Писал Ясь Луцевич свои горестные стихи и, конечно, не подозревал, что как поэт стоит на пороге создания одного из первых своих грандиозных произведений — поэмы «Извечная песня», которую заметит и похвалит сам Максим Горький. Горький скажет: «Вот бы перевести ее на великорусский язык!»
«Извечная песня» не была песней о любви, обещанной дольносновской паненке. Это вновь была песня о мужике — о вековечном горе селянском, человеческом, о горе самого Яся Луцевича, его матери, его отца, безвременно сошедшего в могилу.
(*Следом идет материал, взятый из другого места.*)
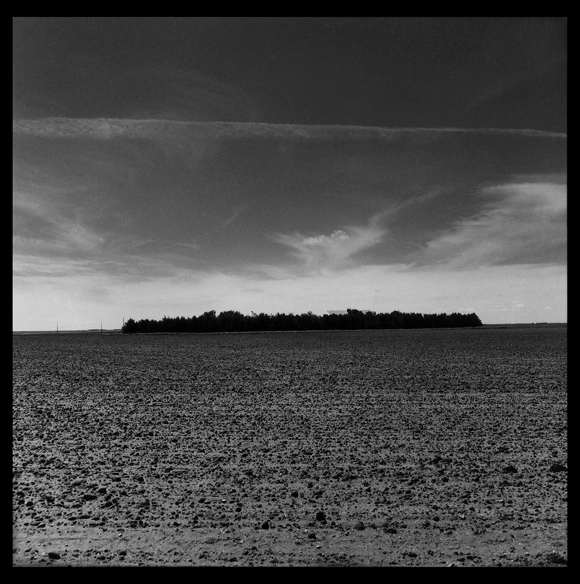 Nebraska Treeline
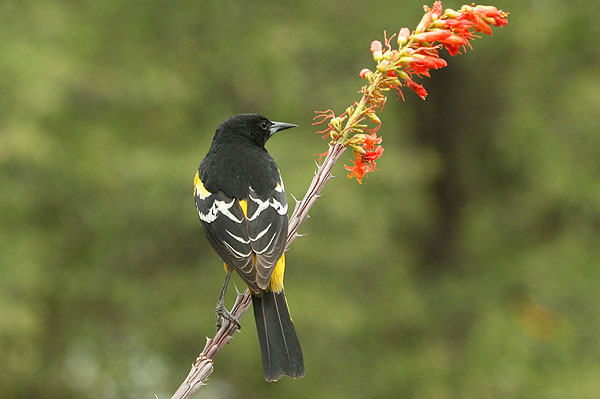 Photo (7): Scott's Oriole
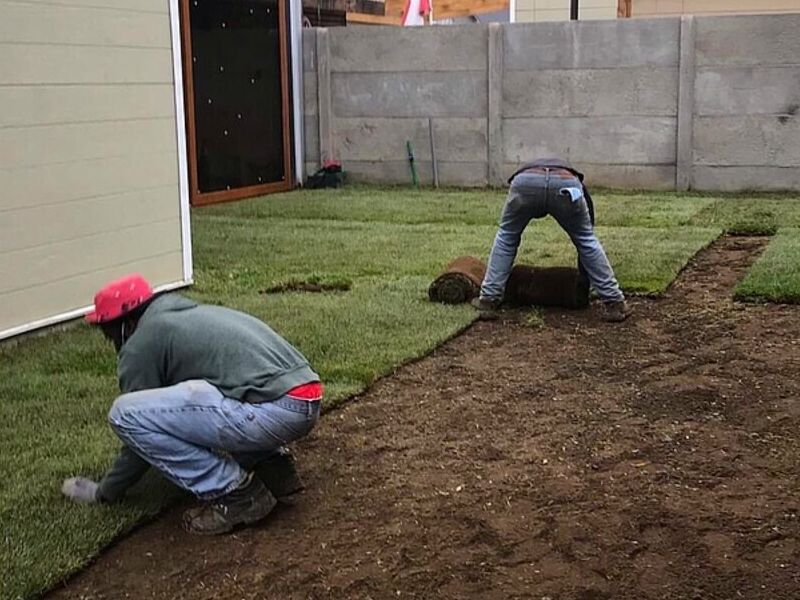 Instalación de césped en rollo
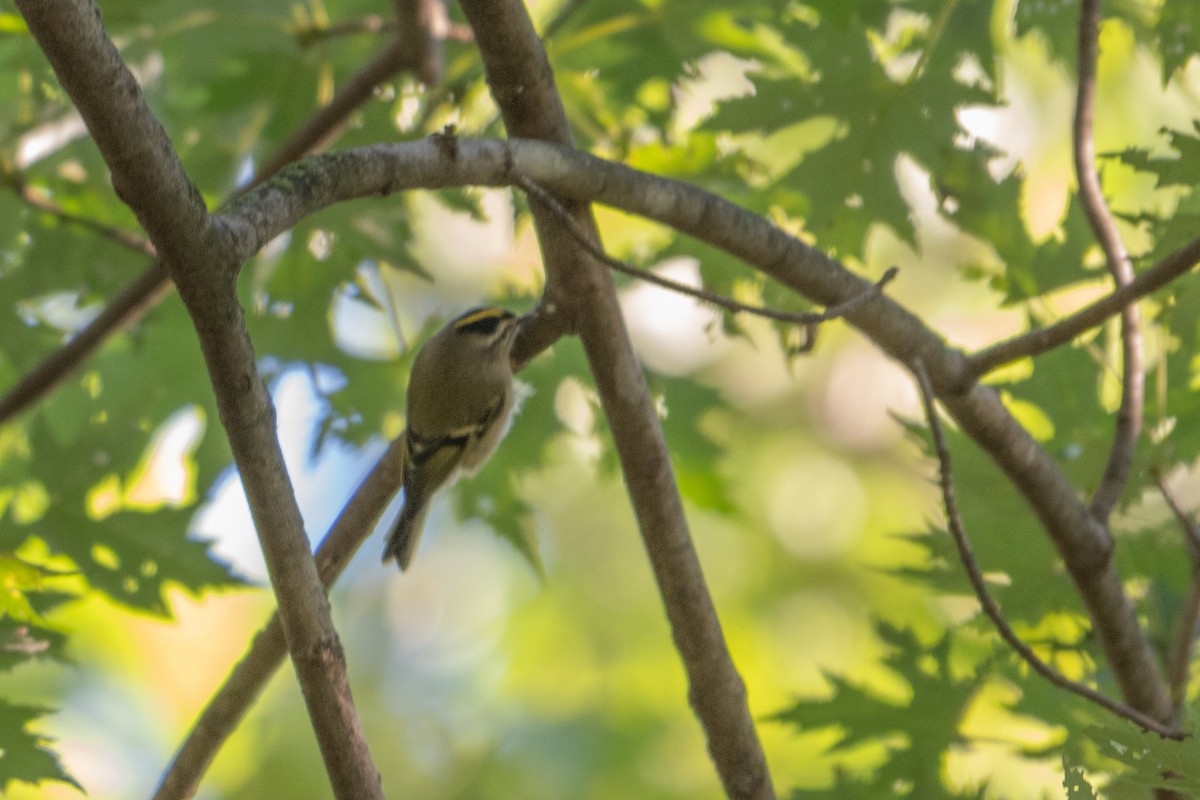 Golden-crowned Kinglet - ML642970222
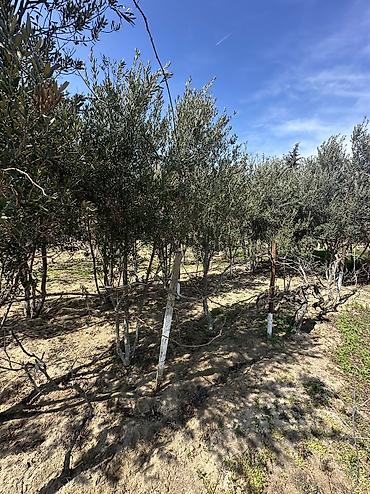 goradil: 12 sot, Tikinti, Maklerlər narahat etməsin, Texniki pasport — 6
...Коров закопали там, где они пали, содрав только шкуры для кожевников. Казалось бы, закопали — и дело с концом. Не век же убиваться. Только где там... Легко ли было той же матери войти в пустой хлев? А какими глухими казались ей теперь вечера без звонких ударов упругих струй молока о белый подойник! Ненужными, нелепыми безделушками уже который день сушились на штакетинах черные кринки. «Вешки скорби», — с горькой иронией думал о них Ясь.
Видеть же, как переживает мать, и вовсе невыносимо. «И вот вечно, вечно так: не одно, так другое», — растерянно сокрушалась она, разводя руками.
«Вечно, вечно так», — эхом отдавалось в сердце Яся. И как покончить с этим вечным, извечным? Как перервать пуповину у мачехи-недоли, не отпускающей от себя ни матери, ни его, Яся? Она и отца не отпускала, а отпустила — так уж навсегда, в небытие...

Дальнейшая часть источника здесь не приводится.